Since late August, Turkey has been an active participant in Syria's civil war, a fact that has elicited remarkably little public discussion at home.
Turkey’s intervention – “Operation Euphrates Shield” – is officially aimed at supporting Syrian rebel groups fighting to take back territory from Islamic State, which is also known as Isis.
Both pro-government and independent media outlets have been slow to offer serious critical analysis of whether the incursion is justified or what road its implications might be for Turkey. However, a sliver of mainstream voices have begun to voice concern about the operation.
"We are witnessing the most under-reported cross-border operation in Turkish military history with no clear aim, no clear strategy and no end in sight," journalist Ahu Ozyurt recently wrote in the Hurriyet Daily News.
The information vacuum is in large part down to the silencing of independent and critical conversation in the crackdown following the failed military coup of July 15th, an event that continues to dominate almost all news and current affairs narratives.
That, combined with rising nationalism in the wake of the defeated coup, has bolstered the authorities' legitimacy to act in Syria.
Isis targets
According to state media, Operation Euphrates Shield has destroyed 1,900 Islamic State targets, and Turkish president
Recep Tayyip Erdogan
has indicated that the country’s forces along with their Syrian rebel allies could eventually take control of 7,500sq km in northern Syria.
Ankara maintains that the intervention is an act of self-defence merited by the series of Islamic State bombings that have killed more than 150 civilians in Ankara, Istanbul and elsewhere over the past 18 months.
Officials have also said the threat of Syrian Kurds expanding their influence west across northern Syria is something Turkey would act against.
The incursion has come at a cost. At least 11 Turkish soldiers have been killed in six weeks, while reports have emerged of at least two air strikes by Turkish jets killing dozens of Syrian civilians close to the border.
A bomb attack by Islamic State in the Atmeh district of northwestern Syria on October 6th killed at least 35 rebels fighting alongside Turkish forces.
Ertugrul Kurkcu, a member of parliament from the opposition Peoples' Democratic Party, narrowly escaped injury when Islamic State affiliates killed 103 peace marchers in Ankara in a suicide attack last October.
He said the government’s stated aim of rooting out Isis from the border areas may be overplayed.
Police control
“The [Islamic State] attacks in Turkey have originated inside Turkey, not outside. All the attackers were Turkish,” Kurkcu said. “Some were under police control but were not stopped, and so the Syria operation has nothing to do with stopping Isis.”

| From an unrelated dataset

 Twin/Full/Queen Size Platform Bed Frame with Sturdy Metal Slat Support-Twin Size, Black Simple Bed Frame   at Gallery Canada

Rather, he argues, it is designed to deny territory to Syrian Kurds.
Can, an Istanbul-based architect who asked not to be fully identified in order to speak freely, says the “general talk” among friends and contacts regarding the state’s motivation for entering Syria centres more on securing energy supplies than defeating jihadists.
Kurkcu says he thinks most ordinary Turks are unhappy with what’s going on, and they don’t want “adventures” outside Turkish territory.
"Day by day, they are growing more concerned," he said. "Turkey has difficulties in Iraq and Cyprus, and now Syria.
“Of course, there has been nationalist agitation by the AK Party government with claims to former Ottoman territory,” he added. “But I don’t think families who have children in the military would like to see Turkey in another war and the possibility that their sons may return in coffins.”
An official at the ministry of foreign affairs refused to confirm the number of Turkish troops in Syria, or whether the operation has yet achieved its goals or is close to doing so.
Foreign minister Mevlut Cavusoglu, however, told French television last month that "initially, we may move at least 45km down [south] . . . Then, a 5,000km de facto safe zone can be established."